A mediados de 2013 se aprobará la reforma de la Política Pesquera Común (PPC), la normativa que gestiona quién, cómo, cuánto y dónde pesca la flota europea en todos los mares y océanos del mundo. Es una reforma crucial, porque esta es la única herramienta para lograr una política pesquera sostenible y una reducción de la sobrecapacidad pesquera que la actual PPC ha generado. Desde Greenpeace pedimos una gestión de las pesquerías que incluya al sector pesquero artesanal, un reparto de cuotas según criterios científicos independientes y un sistema de subvenciones que financie la pesca sostenible y no la industrial.

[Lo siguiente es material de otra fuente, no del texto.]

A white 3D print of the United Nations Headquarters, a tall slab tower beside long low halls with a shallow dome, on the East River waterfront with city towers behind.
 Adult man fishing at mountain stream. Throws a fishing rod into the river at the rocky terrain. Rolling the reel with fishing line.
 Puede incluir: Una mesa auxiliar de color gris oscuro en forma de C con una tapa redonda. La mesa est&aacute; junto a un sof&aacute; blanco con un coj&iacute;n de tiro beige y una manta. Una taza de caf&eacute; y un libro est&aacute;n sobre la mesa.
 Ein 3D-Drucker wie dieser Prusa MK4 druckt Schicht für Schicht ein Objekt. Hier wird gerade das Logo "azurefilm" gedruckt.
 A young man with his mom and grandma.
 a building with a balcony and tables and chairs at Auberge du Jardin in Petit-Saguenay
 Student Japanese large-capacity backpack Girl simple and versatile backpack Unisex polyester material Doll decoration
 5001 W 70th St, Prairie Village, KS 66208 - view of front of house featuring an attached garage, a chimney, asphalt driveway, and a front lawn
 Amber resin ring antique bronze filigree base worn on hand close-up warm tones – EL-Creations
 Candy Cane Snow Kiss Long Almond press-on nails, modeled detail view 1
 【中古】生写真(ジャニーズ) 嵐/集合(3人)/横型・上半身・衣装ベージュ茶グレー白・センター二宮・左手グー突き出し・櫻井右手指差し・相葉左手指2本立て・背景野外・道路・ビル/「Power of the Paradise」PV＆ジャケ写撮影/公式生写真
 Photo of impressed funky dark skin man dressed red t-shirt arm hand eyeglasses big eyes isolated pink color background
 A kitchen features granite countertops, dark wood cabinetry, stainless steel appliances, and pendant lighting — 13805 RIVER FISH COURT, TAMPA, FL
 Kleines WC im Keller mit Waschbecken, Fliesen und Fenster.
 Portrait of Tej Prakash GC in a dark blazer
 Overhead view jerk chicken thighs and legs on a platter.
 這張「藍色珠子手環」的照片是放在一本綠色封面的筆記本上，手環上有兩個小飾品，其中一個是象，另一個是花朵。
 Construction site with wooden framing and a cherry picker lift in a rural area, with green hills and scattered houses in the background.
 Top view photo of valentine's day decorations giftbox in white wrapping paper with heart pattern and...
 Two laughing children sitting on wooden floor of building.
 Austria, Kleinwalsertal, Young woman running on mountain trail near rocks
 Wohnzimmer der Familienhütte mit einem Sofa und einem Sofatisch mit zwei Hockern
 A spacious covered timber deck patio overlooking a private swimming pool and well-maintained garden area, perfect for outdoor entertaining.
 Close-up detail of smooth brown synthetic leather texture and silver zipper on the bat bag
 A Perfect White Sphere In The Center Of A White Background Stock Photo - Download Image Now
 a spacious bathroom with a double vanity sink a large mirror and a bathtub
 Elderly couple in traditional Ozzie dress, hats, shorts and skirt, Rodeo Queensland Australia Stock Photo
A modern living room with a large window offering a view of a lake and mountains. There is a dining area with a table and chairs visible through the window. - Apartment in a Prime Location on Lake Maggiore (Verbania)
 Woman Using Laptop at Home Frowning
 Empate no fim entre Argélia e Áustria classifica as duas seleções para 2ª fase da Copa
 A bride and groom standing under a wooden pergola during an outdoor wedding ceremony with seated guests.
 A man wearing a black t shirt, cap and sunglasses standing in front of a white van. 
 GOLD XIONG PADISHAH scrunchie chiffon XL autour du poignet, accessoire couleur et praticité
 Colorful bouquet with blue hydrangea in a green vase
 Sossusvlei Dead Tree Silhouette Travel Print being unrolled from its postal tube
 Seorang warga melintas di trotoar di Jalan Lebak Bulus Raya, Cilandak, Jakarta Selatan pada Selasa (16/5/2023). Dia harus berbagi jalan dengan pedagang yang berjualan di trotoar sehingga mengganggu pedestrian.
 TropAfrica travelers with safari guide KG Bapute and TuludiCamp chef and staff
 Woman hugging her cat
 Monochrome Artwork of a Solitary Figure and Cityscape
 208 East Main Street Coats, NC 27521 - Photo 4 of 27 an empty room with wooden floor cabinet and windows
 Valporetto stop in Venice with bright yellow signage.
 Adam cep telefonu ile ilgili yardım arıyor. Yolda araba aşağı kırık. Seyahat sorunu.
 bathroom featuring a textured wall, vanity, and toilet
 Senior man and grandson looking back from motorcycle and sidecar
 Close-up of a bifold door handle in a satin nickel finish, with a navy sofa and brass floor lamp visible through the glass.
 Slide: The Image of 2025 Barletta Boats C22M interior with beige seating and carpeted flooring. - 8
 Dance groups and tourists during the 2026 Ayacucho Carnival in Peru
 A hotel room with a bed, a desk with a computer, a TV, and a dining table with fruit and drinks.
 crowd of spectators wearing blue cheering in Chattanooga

Esta normativa gestionará la pesca en los próximos diez años, un periodo que, como apunta Pauly, “decidirá el futuro de nuestra civilización”. No en vano, este científico suele comenzar sus conferencias proyectando en la oscuridad, ante la estupefacción de su audiencia, la imagen de un bocadillo de medusa. “No se rían”,  advierte, “esto es lo que nos espera si las cosas no cambian”.

Puede que al guionista de esa hipotética película de ciencia ficción le entusiasme esta imagen, pero como realidad probable resulta bastante inquietante.